Düzen aynı düzen!...
JÜBİLE ZAMANI…
AK Parti iktidarı sayesinde sporumuzda son 25 yıldır istedikleri gibi borusunu öttürenler için Jübile zamanı kapıda eğer seçimler Millet İttifakının arzu etiği gibi gelişirse.
Birçoklarının bırakın yönetici olmayı spor tesislerinin önünden geçme şansları bile olmayabilir…
Önceki gün yazmıştım.
Türk sporu ve futbol borç batağında diye…
Niye böyle bir tablo ortaya çıksın?
Kendi şirketlerinde kar üstüne kar edenlerin kulüpleri batırmak için sarf ettikleri çaba ve gayret ile gelinen nokta burası mı olmalı?!...

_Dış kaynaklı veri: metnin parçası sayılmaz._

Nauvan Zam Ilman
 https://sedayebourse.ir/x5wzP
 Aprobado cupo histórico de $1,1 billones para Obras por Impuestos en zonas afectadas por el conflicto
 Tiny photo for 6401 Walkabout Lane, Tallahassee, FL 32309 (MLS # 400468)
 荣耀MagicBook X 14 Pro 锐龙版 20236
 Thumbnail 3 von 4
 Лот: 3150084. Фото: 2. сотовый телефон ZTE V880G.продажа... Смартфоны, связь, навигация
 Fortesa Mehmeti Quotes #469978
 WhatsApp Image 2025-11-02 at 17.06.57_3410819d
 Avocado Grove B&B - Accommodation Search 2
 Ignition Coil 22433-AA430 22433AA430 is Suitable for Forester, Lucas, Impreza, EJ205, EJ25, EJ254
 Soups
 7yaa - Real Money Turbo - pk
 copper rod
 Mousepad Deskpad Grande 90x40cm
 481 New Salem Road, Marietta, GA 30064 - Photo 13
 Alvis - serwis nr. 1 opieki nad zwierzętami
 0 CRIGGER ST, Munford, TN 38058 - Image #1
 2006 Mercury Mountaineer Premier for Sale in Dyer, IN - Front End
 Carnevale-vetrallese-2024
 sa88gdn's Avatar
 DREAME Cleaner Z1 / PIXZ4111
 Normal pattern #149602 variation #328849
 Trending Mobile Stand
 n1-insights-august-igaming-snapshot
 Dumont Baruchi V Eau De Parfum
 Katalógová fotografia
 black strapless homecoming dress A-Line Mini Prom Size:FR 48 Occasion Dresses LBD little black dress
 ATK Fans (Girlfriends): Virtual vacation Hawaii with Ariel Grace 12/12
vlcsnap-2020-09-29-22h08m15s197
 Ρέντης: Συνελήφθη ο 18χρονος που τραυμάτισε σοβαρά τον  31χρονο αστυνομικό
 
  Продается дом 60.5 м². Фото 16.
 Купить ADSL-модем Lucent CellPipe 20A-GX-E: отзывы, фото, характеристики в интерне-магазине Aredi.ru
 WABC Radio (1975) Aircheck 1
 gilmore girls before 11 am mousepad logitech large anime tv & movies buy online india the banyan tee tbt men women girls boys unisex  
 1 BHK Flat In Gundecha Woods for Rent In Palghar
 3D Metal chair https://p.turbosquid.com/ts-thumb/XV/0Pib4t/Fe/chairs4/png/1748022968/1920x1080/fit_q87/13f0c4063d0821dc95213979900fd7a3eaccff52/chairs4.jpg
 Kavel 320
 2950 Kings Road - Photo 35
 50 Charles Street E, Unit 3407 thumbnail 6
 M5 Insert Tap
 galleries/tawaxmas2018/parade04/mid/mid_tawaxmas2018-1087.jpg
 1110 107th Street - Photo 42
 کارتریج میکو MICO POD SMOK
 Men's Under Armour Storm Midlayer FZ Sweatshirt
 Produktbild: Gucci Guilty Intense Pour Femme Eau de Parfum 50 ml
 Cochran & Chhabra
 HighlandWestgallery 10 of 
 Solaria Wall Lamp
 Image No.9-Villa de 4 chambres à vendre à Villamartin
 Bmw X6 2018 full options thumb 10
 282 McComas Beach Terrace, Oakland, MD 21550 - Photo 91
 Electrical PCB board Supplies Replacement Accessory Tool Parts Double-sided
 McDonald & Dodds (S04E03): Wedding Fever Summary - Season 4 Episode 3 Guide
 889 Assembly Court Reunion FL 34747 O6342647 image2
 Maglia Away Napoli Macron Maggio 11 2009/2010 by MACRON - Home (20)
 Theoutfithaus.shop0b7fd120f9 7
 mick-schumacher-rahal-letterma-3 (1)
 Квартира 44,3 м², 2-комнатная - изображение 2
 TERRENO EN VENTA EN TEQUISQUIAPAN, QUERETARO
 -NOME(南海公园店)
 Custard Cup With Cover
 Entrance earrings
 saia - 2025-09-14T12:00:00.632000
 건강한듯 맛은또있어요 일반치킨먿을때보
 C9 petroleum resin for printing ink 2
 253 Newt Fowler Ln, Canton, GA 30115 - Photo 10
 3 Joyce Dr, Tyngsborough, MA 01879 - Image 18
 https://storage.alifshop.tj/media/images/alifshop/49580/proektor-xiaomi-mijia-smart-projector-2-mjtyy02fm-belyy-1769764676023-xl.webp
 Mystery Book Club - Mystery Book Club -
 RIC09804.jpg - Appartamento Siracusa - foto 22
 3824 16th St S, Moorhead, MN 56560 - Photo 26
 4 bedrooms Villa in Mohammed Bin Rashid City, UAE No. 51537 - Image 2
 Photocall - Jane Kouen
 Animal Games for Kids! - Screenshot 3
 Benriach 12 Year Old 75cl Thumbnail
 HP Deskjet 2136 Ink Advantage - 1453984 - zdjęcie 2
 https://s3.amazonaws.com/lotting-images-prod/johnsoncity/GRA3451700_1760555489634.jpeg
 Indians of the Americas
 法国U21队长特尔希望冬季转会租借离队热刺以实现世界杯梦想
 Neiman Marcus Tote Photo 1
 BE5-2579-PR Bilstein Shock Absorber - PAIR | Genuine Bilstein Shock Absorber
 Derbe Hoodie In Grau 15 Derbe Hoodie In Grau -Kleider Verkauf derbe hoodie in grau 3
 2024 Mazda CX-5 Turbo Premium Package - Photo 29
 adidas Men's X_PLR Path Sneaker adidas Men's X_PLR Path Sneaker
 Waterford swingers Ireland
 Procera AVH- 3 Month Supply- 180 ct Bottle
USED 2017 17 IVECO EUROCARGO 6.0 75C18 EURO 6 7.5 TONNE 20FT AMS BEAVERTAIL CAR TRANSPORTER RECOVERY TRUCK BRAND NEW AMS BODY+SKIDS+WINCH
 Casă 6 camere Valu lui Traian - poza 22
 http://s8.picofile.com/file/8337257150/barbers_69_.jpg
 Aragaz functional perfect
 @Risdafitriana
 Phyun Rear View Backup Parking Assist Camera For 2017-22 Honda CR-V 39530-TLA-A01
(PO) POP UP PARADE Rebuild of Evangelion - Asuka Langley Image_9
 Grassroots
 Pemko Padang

50-100 Bin TL’le bile etmeyen sporcuları milyonlarca avrolara transfer ederek bu ülkeye ihanet edenlerden hesap sorulmalı.
Sporun çıtası düşürmelerine rağmen, fiyatları tavan yaptıranlar hesap vermeliler.
Bu ağır vebalin sorumluluğu öyle kolay kolay ödenebilecek bir durum değil…
MHK’YE DAİR…
Mesela MHK ile ilgili ilginç bir iddia var.
Cüneyt Çakır’ın Sabri Çelik’in istifası akabinde ki MHK başkanlığı beklentisi Lale Orta’nın devreye sokulması ile engellenmişti.
Önümüzdeki günlerde 14 Mayıs’ta ortaya çıkacak olan seçim sonuçlarına göre MHK’de de taşlar yerinden oynayacak gibi.
Bu sezon bu ekiple biter mi?
Onu da zaman gösterecek.
GERİ SAYIM BAŞLADI…
14 Mayıs için geri sayım başladı.
Son 50 gün.
Eğer bir değişim olacak ise bunda herkesin payı olacak, herkes bundan öyle ya da böyle etkilenecek.
Değişim pozitif yönde ise ne ala…
Dünya kantarına çıkmak, rekabet etmek adına değişim-gelişim-dev adımlar şart.
İster bunun adı mevcut iktidar olsun ister muhalefet spor konusu milli bir meseledir ve bu böyle görülmeli, yaşanmalıdır.
Yoksa anam-babam usulü kendi ligimizde oynamaya ve küçük çaplı kendi olimpiyatlarımızla teselliye ve hamasi söylemlere devam…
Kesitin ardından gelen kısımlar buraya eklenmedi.